▸ **What you should do**: From the first line of the listing to the last, set down everything exactly, but skip the images.

[Data to use Boundary: Start]

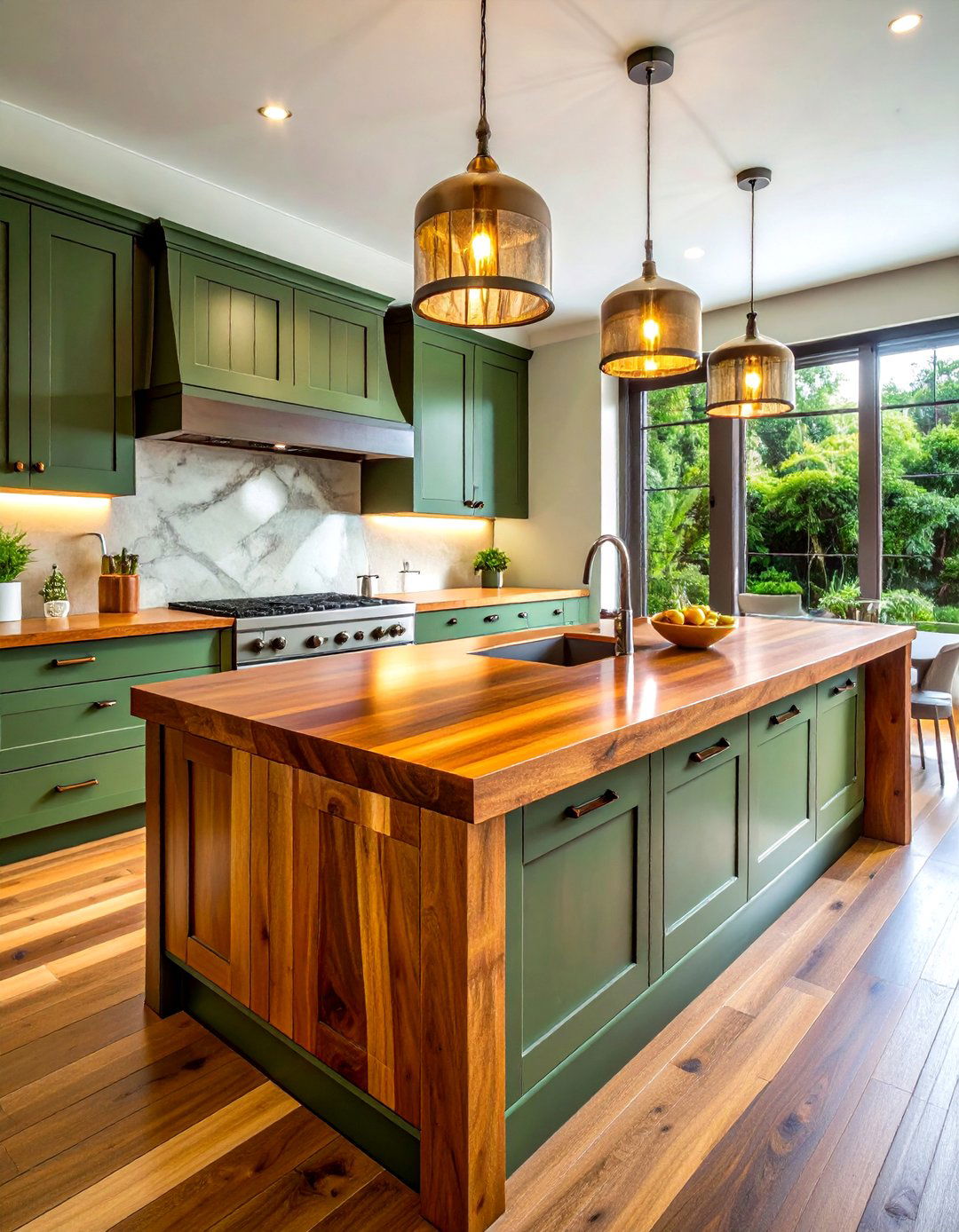 Teak Wood Countertops - 30 tropical kitchen ideas
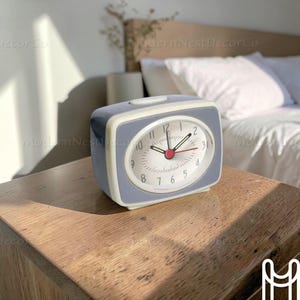 Reloj despertador vintage silencioso, reloj de mesita de noche retro de metal, reloj de escritorio clásico para decoración del hogar, idea de regalo.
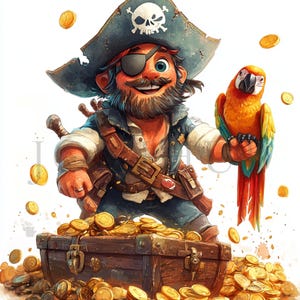 Cartoon Pirates Clipart | 10 High Quality JPG | Digital Download | Clip Art | Digital Paper Craft | Junk Journals | Cute Pirates Print | Art
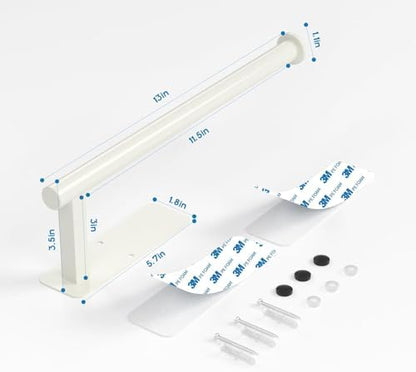 ASTOFLI Paper Towel Holder Under Cabinet No Drilling, Self Adhesive Paper Towel Holder Wall Mount for Kitchen Rack, Under Counter Napin Holder No Drill, RV, 304 Stainless Steel, White 2 Pack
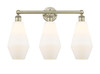 INNOVATIONS 616-3W-AB-G651-7 Cindyrella 3 25 inch Bath Vanity Light Antique Brass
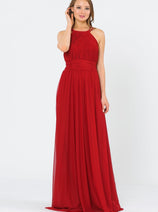 Red Bridesmaid Dresses-Inexpensive Poly USA 8396 Double Spaghetti
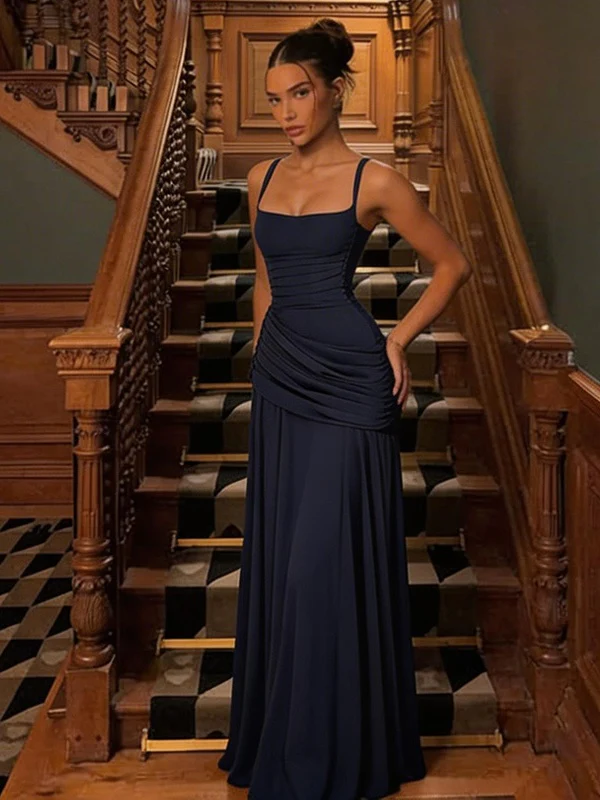 Solid Color Sleeveless Long Bodycon Dress With Back Tie Design - Image 13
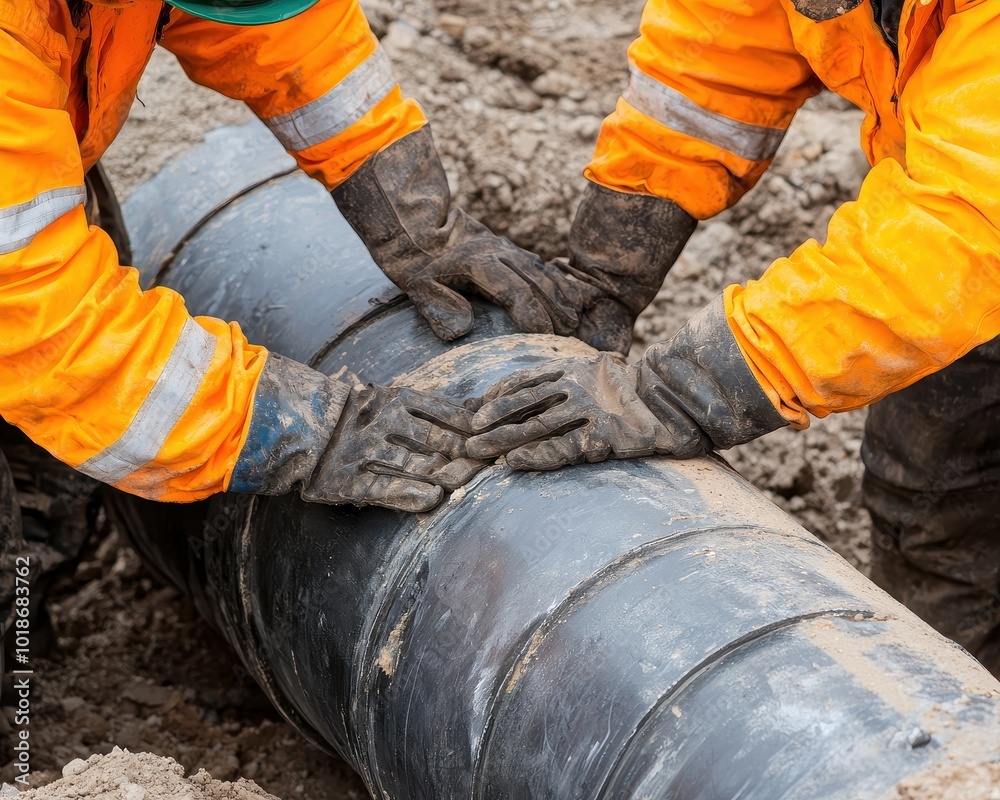 Two workers in orange uniforms repair a large black pipe in a construction site using their hands, showcasing teamwork in an outdoor environment. Two workers in orange uniforms repair a large black pipe in a construction site using their hands, showcasing teamwork in an outdoor environment.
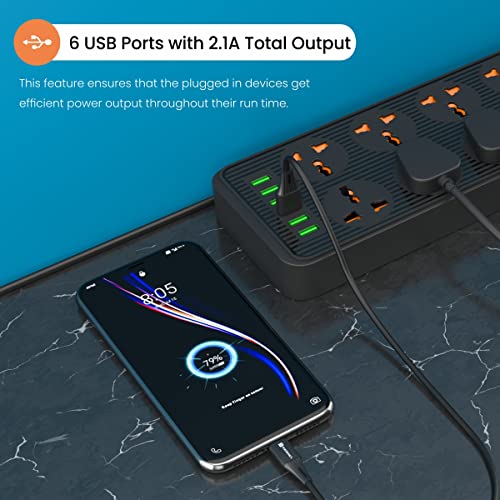 Portronics Power Plate 10 Extension Board with 4 Universal Sockets, 3 Meter Long Cord, 1500 Watts, 6 Amp Multi Plug for Office & Home Appliances (Black) Portronics Power Plate 10 Extension Board with 4 Universal Sockets, 3 Meter Long Cord, 1500 Watts, 6 Amp Multi Plug for Office & Home Appliances (Black)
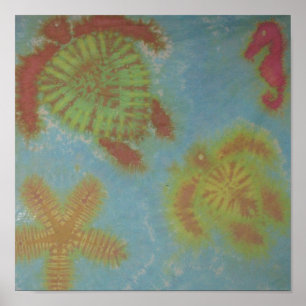 Tie Dye Zee Schildpad Paard Sterren Vis Poster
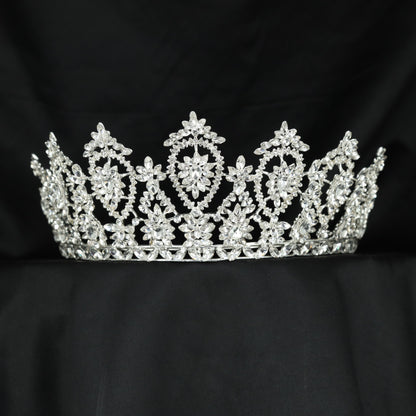 Royal wedding Crown with symmetrical flower arrangements and ornate openwork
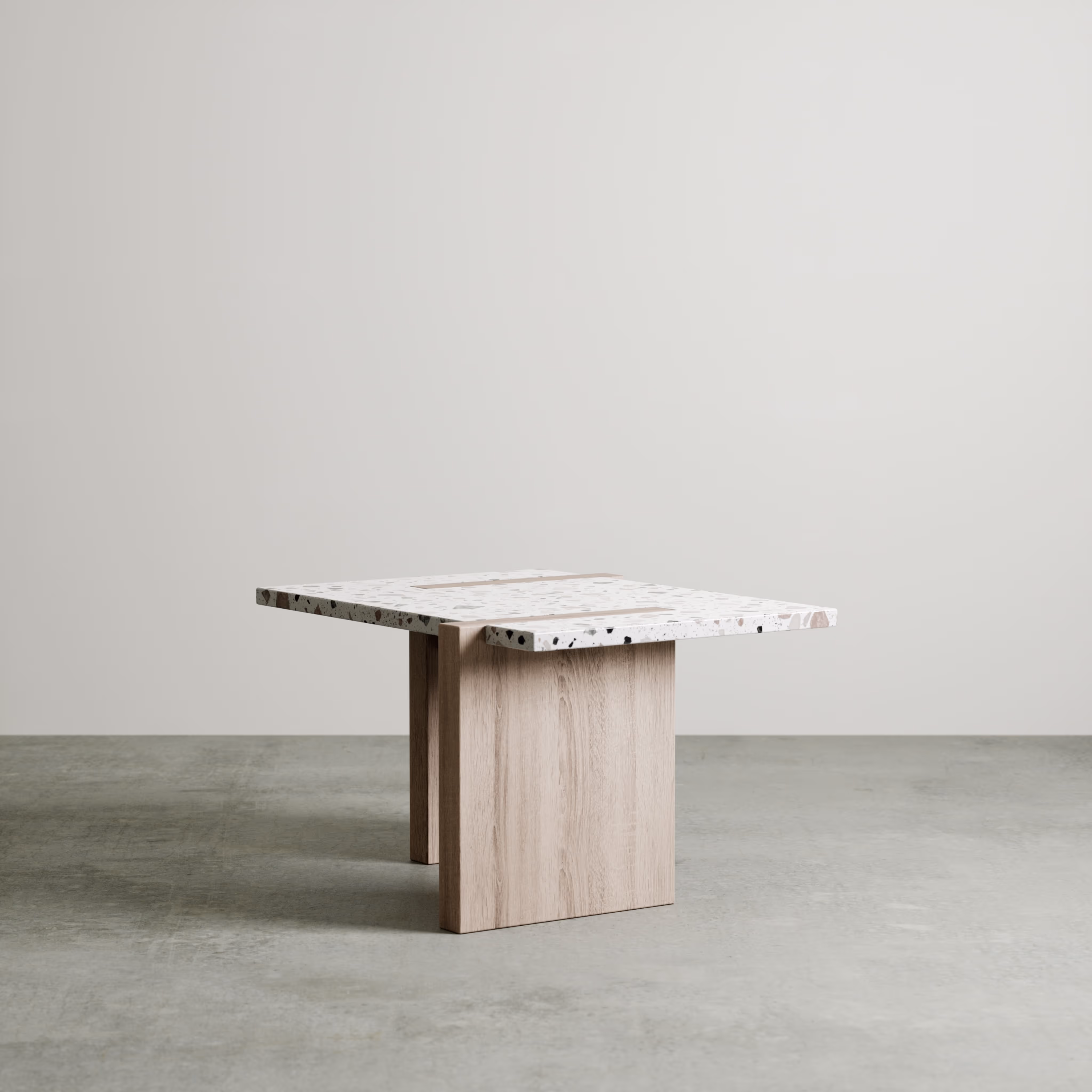 High-detail 3D product visualization of a minimalist table, designed for precise material definition and customizable product configurations.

[Data to use Boundary: End]

▸ **Result of this task**:
 Teak Wood Countertops - 30 tropical kitchen ideas
 Reloj despertador vintage silencioso, reloj de mesita de noche retro de metal, reloj de escritorio clásico para decoración del hogar, idea de regalo.
 Cartoon Pirates Clipart | 10 High Quality JPG | Digital Download | Clip Art | Digital Paper Craft | Junk Journals | Cute Pirates Print | Art
 ASTOFLI Paper Towel Holder Under Cabinet No Drilling, Self Adhesive Paper Towel Holder Wall Mount for Kitchen Rack, Under Counter Napin Holder No Drill, RV, 304 Stainless Steel, White 2 Pack
 INNOVATIONS 616-3W-AB-G651-7 Cindyrella 3 25 inch Bath Vanity Light Antique Brass
 Red Bridesmaid Dresses-Inexpensive Poly USA 8396 Double Spaghetti
 Solid Color Sleeveless Long Bodycon Dress With Back Tie Design - Image 13
 Two workers in orange uniforms repair a large black pipe in a construction site using their hands, showcasing teamwork in an outdoor environment. Two workers in orange uniforms repair a large black pipe in a construction site using their hands, showcasing teamwork in an outdoor environment.
 Portronics Power Plate 10 Extension Board with 4 Universal Sockets, 3 Meter Long Cord, 1500 Watts, 6 Amp Multi Plug for Office & Home Appliances (Black) Portronics Power Plate 10 Extension Board with 4 Universal Sockets, 3 Meter Long Cord, 1500 Watts, 6 Amp Multi Plug for Office & Home Appliances (Black)
 Tie Dye Zee Schildpad Paard Sterren Vis Poster
 Royal wedding Crown with symmetrical flower arrangements and ornate openwork
 High-detail 3D product visualization of a minimalist table, designed for precise material definition and customizable product configurations.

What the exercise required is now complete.